Signal Processing Toolbox™

impinvar

Impulse invariance method for analog-to-digital filter conversion

Syntax

[bz,az] = impinvar(b,a,fs) [bz,az] = impinvar(b,a,fs,tol)

Description

[bz,az] = impinvar(b,a,fs) creates a digital filter with numerator and denominator coefficients bz and az, respectively, whose impulse response is equal to the impulse response of the analog filter with coefficients b and a, scaled by 1/fs. If you leave out the argument fs, or specify fs as the empty vector [], it takes the default value of 1 Hz.

[bz,az] = impinvar(b,a,fs,tol) uses the tolerance specified by tol to determine whether poles are repeated. A larger tolerance increases the likelihood that impinvar interprets closely located poles as multiplicities (repeated ones). The default is 0.001, or 0.1% of a pole's magnitude. Note that the accuracy of the pole values is still limited to the accuracy obtainable by the roots function.

Examples

Example 1

Convert an analog lowpass filter to a digital filter using impinvar with a sampling frequency of 10 Hz:

[b,a] = butter(4,0.3,'s');
[bz,az] = impinvar(b,a,10)
bz =
  1.0e-006 *
   -0.0000    0.1324    0.5192    0.1273         0
az =
    1.0000   -3.9216    5.7679   -3.7709    0.9246

Example 2

Illustrate the relationship between analog and digital impulse responses [2].

Note This example requires the impulse function from Control System Toolbox™ software.

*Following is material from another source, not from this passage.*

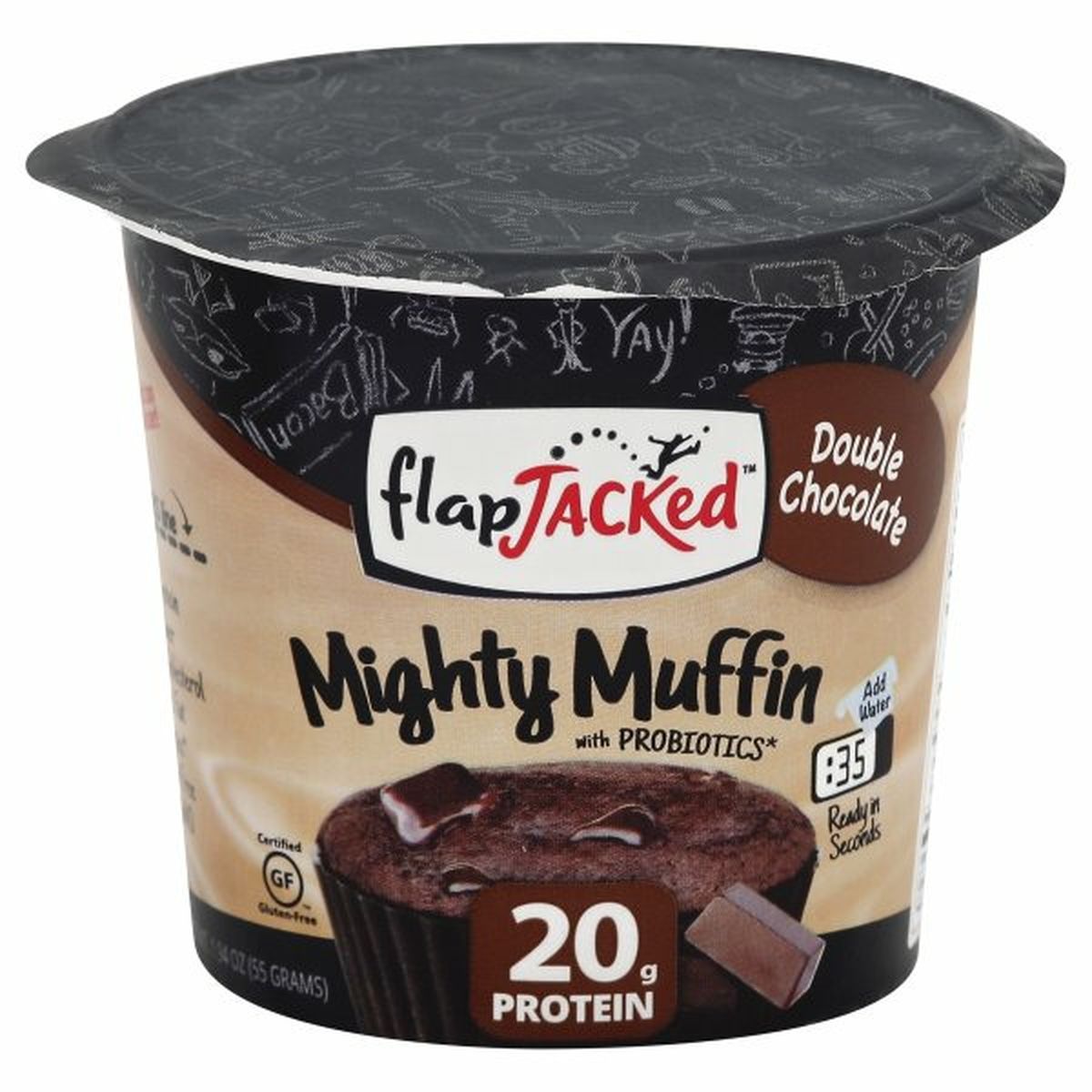 Calories in FlapJacked Mighty Muffin, Double Chocolate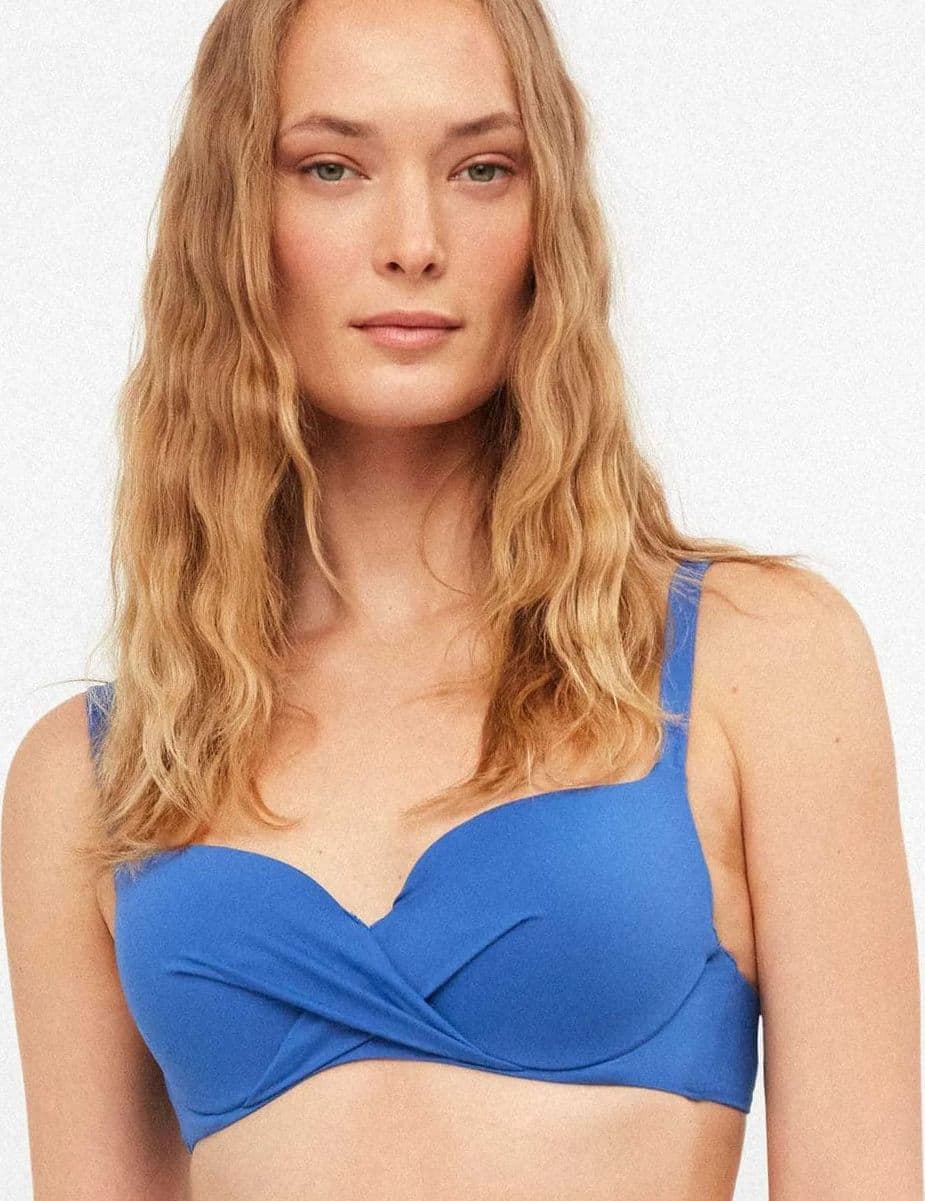 Costume Donna Gisela 2/30423TB Bikini Top Capiente Senza Ferretto con Incrocio Décolleté in Autocategorizzazione The King Luxury - San Marcellino, commercioVirtuoso.it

The steps used in this example are:

Create an analog Butterworth filter
Use impinvar with a sampling frequency Fs of 10 Hz to scale the coefficients by 1/Fs. This compensates for the gain that will be introduced in Step 4 below.
Use Control System Toolbox impulse function to plot the continuous-time unit impulse response of an LTI system.
Plot the digital impulse response, multiplying the numerator by a constant (Fs) to compensate for the 1/Fs gain introduced in the impulse response of the derived digital filter.
```
[b,a] = butter(4,0.3,'s'); 
[bz,az] = impinvar(b,a,10);
sys = tf(b,a);
impulse(sys);
hold on;
impz(10*bz,az,[],10);
```

Zooming the resulting plot shows that the analog and digital impulse responses are the same.

Algorithm

impinvar performs the impulse-invariant method of analog-to-digital transfer function conversion discussed in reference [1]:

It finds the partial fraction expansion of the system represented by b and a.
It replaces the poles p by the poles exp(p/fs).
It finds the transfer function coefficients of the system from the residues from step 1 and the poles from step 2.

References

[1] Parks, T.W., and C.S. Burrus, Digital Filter Design, John Wiley & Sons, 1987, pp.206-209.

[2] Antoniou, Andreas, Digital Filters, McGraw Hill, Inc, 1993, pp.221-224.